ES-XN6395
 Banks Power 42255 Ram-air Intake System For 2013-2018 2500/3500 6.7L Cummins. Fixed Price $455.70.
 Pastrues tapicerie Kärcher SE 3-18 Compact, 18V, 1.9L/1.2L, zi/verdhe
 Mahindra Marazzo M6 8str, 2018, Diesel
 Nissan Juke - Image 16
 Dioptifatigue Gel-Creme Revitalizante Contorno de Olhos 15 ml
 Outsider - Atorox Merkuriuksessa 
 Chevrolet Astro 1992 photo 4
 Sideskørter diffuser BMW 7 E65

====================

▸ **What you need to do**:
Find the line with "Mahindra Marazzo M6 8str, 2018, Diesel". Transcribe it and every line after it exactly, through the end of the records above, and nothing else.

▸ **Output for this task**:
 Mahindra Marazzo M6 8str, 2018, Diesel
 Nissan Juke - Image 16
 Dioptifatigue Gel-Creme Revitalizante Contorno de Olhos 15 ml
 Outsider - Atorox Merkuriuksessa 
 Chevrolet Astro 1992 photo 4
 Sideskørter diffuser BMW 7 E65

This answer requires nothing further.